松田「頻回に起きていると思います。ただ上記の理由で、マイコプラズマ感染症と認識されていないだけだと考えています」

──マイコプラズマ感染症に関し、今後はどのように注意すればいいでしょうか。

松田「疾患概念についてより広く啓蒙することと、私たちはマイコプラズマ感染症早期診断予防未病医療の研究開発を続けていますが、画期的な診断法の研究開発が必要でしょう」

 タイ王室によれば、タイの医師団がパチャラキティヤパー王女の治療を続けているが、予断を許さない状況と伝えられている。

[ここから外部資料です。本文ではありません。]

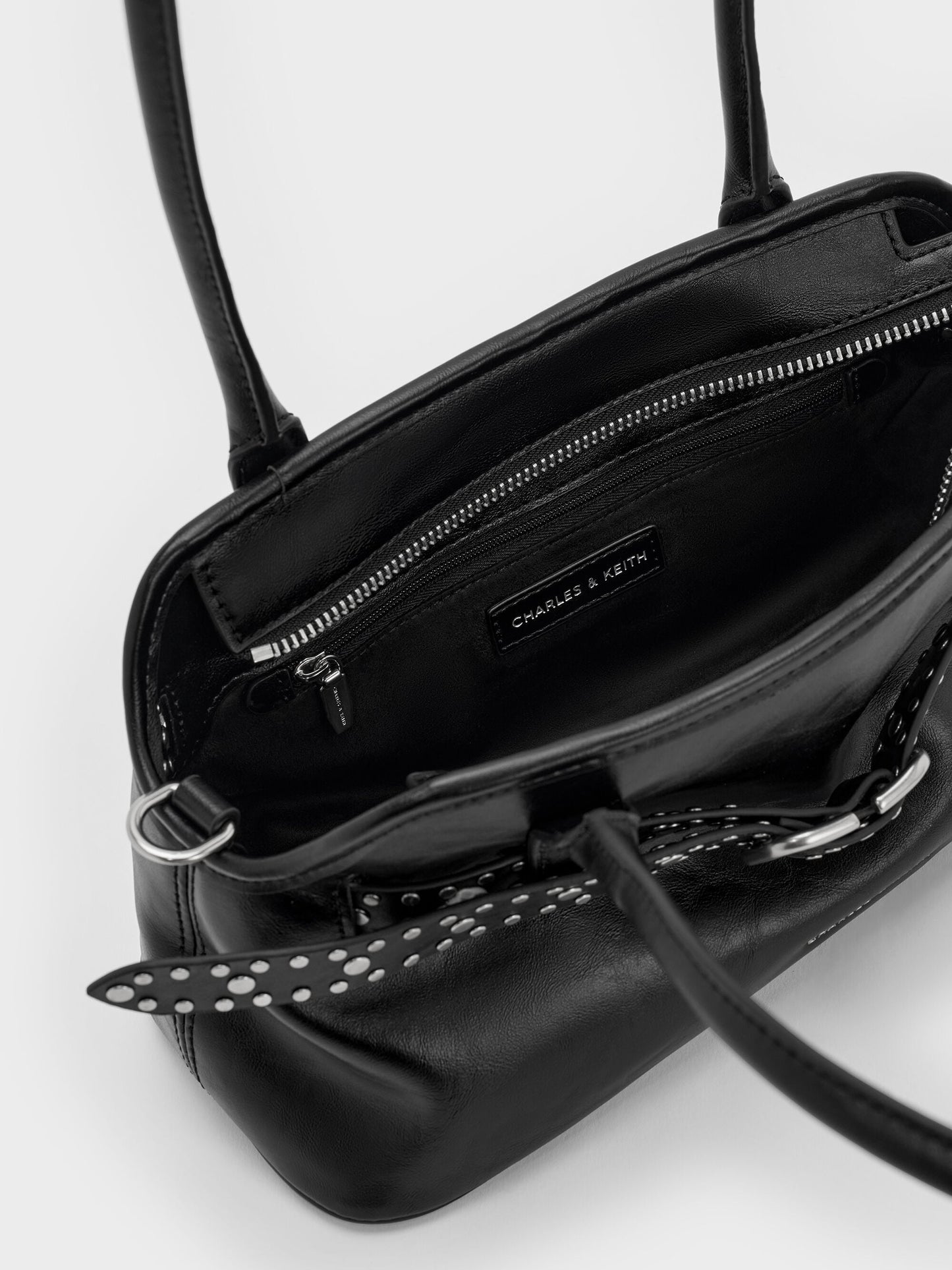 Victoria Studded Belted Shoulder Bag - Noir | CHARLES & KEITH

 繰り返しになるが、マイコプラズマ感染症は飛沫感染やエアロゾル感染、接触感染でかかるので、予防には不織布マスクの着用と手指衛生、うがいなどの励行が効果的だ。松田氏が言うように診断が難しい病気だが、やはり早期に診断を受け、適切に治療することが最も重要になるだろう。


松田 和洋(まつだ かずひろ)

山口大学医学部卒業、医学博士。東京医科歯科大学医学部微生物学教室助手、国立がんセンター研究所主任研究官などを経て、2005年にエムバイオテック株式会社を設立。代表取締役。マイコプラズマ感染症研究センター長。専門は、マイコプラズマ感染症、微生物学、臨床免疫学、生化学、臨床血液学、内科学。